Steps/Code to reproduce bug

Run a basic training with the fastconformer hybrid recipe.

Expected behavior

Training progresses normally as it did up to nemo:24.05.01.

Environment overview (please complete the following information)

Environment location: [Bare-metal, Slurm]
Method of NeMo install: [pip install or from source]. nemo image nemo:24.01.01.framework, nemo:24.05.01, nemo:24.07 and nemo:dev
If method of install is [Docker], provide docker pull & docker run commands used

The text was updated successfully, but these errors were encountered:

artbataev · 2024-09-02T12:26:16Z

I can reproduce the problem, working on fixing it

github-actions · 2024-10-03T01:58:39Z

This issue is stale because it has been open for 30 days with no activity. Remove stale label or comment or this will be closed in 7 days.

itzsimpl · 2024-10-03T11:27:35Z

@artbataev any news on this?

artbataev · 2024-10-04T19:26:45Z

@itzsimpl I'm still investigating, seeing multiple issues with CUDA graphs.
Please, as a temporary solution, disable CUDA graphs in the model config by adding ++model.decoding.greedy.use_cuda_graph_decoder=false

titu1994 · 2024-10-04T19:30:05Z

I think it might be worth disabling it for training explicitly until we can make sure it doesn't affect model training.
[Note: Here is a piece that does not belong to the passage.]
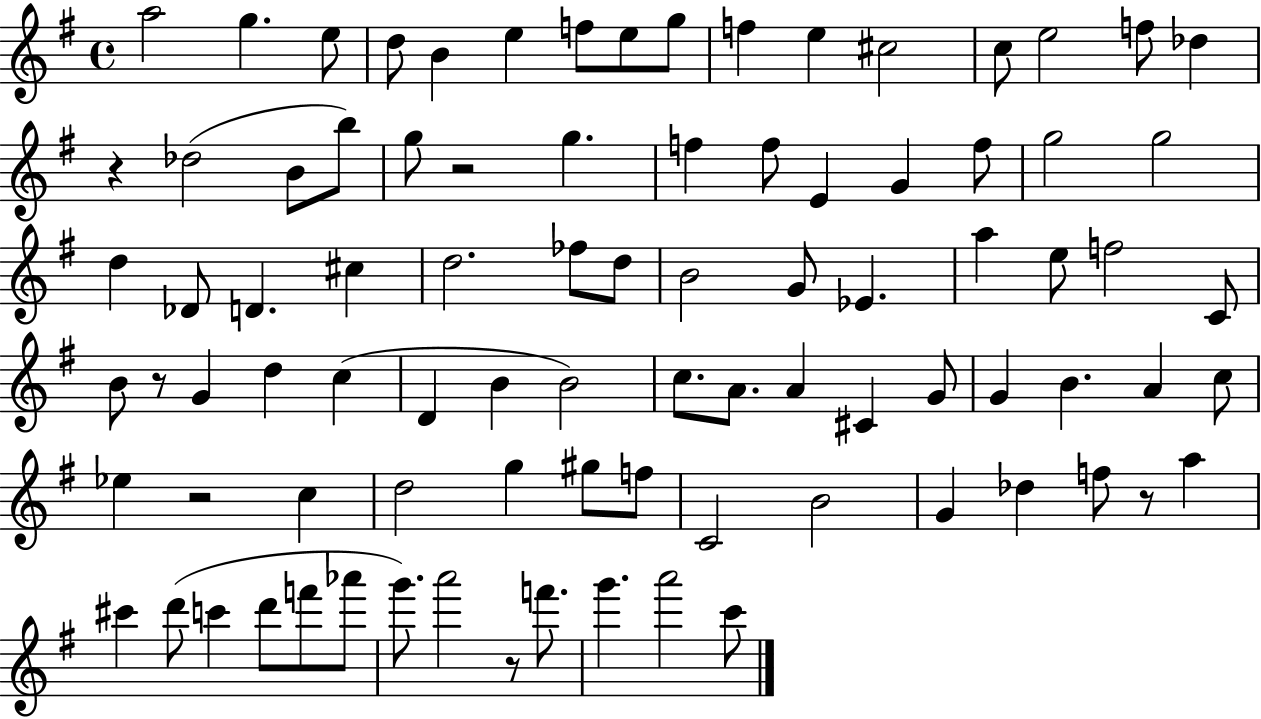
A5/h G5/q. E5/e D5/e B4/q E5/q F5/e E5/e G5/e F5/q E5/q C#5/h C5/e E5/h F5/e Db5/q R/q Db5/h B4/e B5/e G5/e R/h G5/q. F5/q F5/e E4/q G4/q F5/e G5/h G5/h D5/q Db4/e D4/q. C#5/q D5/h. FES5/e D5/e B4/h G4/e Eb4/q. A5/q E5/e F5/h C4/e B4/e R/e G4/q D5/q C5/q D4/q B4/q B4/h C5/e. A4/e. A4/q C#4/q G4/e G4/q B4/q. A4/q C5/e Eb5/q R/h C5/q D5/h G5/q G#5/e F5/e C4/h B4/h G4/q Db5/q F5/e R/e A5/q C#6/q D6/e C6/q D6/e F6/e Ab6/e G6/e. A6/h R/e F6/e. G6/q. A6/h C6/e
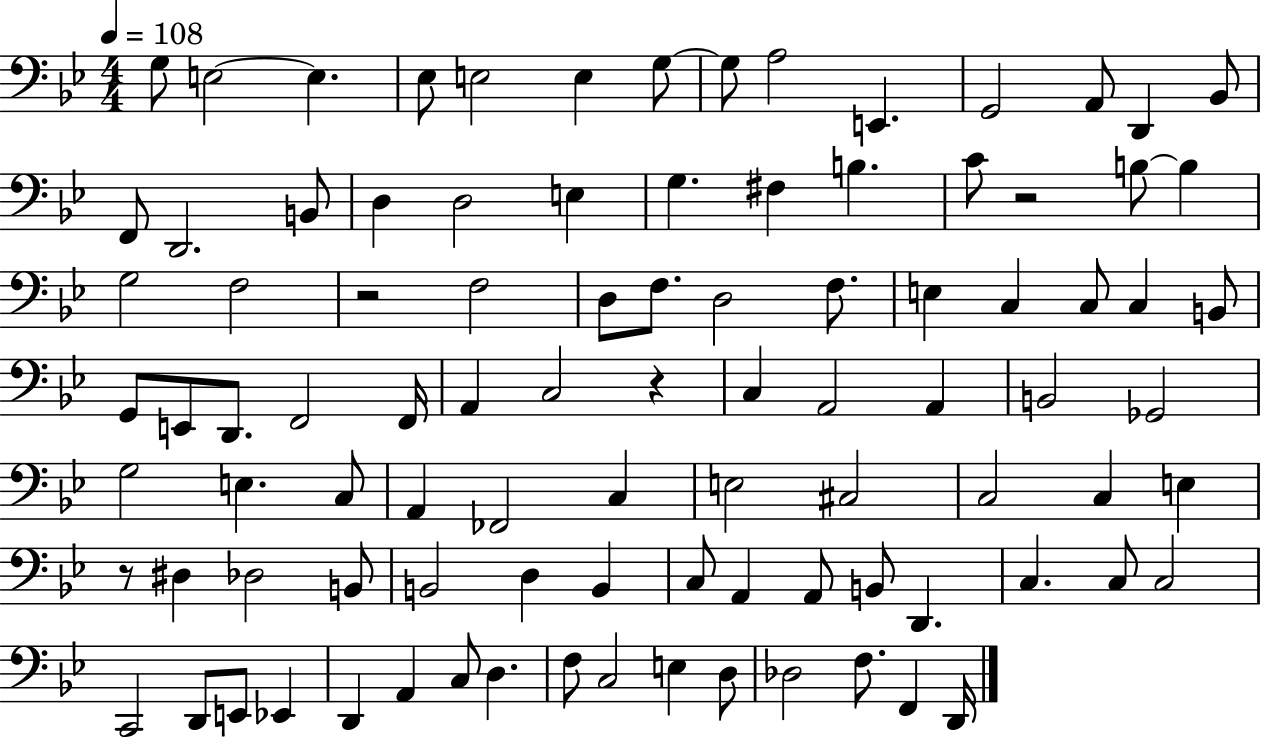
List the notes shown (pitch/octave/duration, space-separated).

G3/e E3/h E3/q. Eb3/e E3/h E3/q G3/e G3/e A3/h E2/q. G2/h A2/e D2/q Bb2/e F2/e D2/h. B2/e D3/q D3/h E3/q G3/q. F#3/q B3/q. C4/e R/h B3/e B3/q G3/h F3/h R/h F3/h D3/e F3/e. D3/h F3/e. E3/q C3/q C3/e C3/q B2/e G2/e E2/e D2/e. F2/h F2/s A2/q C3/h R/q C3/q A2/h A2/q B2/h Gb2/h G3/h E3/q. C3/e A2/q FES2/h C3/q E3/h C#3/h C3/h C3/q E3/q R/e D#3/q Db3/h B2/e B2/h D3/q B2/q C3/e A2/q A2/e B2/e D2/q. C3/q. C3/e C3/h C2/h D2/e E2/e Eb2/q D2/q A2/q C3/e D3/q. F3/e C3/h E3/q D3/e Db3/h F3/e. F2/q D2/s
artbataev · 2024-10-07T10:03:22Z

@titu1994 Let me check one thing. If this will not work, I will make a PR disabling CUDA graphs in training.

itzsimpl · 2024-10-29T08:02:29Z

@artbataev @titu1994 just to let you know the issue is present also doing inference with RNNT, eg. with examples/asr/transcribe_speech_parallel.py decoder_type=rnnt on a hybrid model. The model works fine (i.e. returns valid transcriptions) if I force the default use_cuda_graph_decoder to False in https://github.com/NVIDIA/NeMo/blob/main/nemo/collections/asr/parts/submodules/rnnt_decoding.py and https://github.com/NVIDIA/NeMo/blob/main/nemo/collections/asr/parts/submodules/rnnt_beam_decoding.py. Logs, however, still report cuda graphs as enabled.

artbataev · 2024-10-29T12:40:27Z

@itzsimpl Are you using RNN-T or TDT?

I tried a hybrid TDT-CTC model, and cannot reproduce the issue in nemo:24.07 container with examples/asr/transcribe_speech_parallel.py decoder_type=rnnt.

Also, beam search (rnnt_beam_decoding.py) does not use CUDA graphs / does not use parameter use_cuda_graph_decoder

artbataev · 2024-10-29T12:47:34Z

I also do not see the difference with a hybrid RNNT-CTC model (I use nvcr.io/nvidia/nemo:24.07 container, 2 GPUs)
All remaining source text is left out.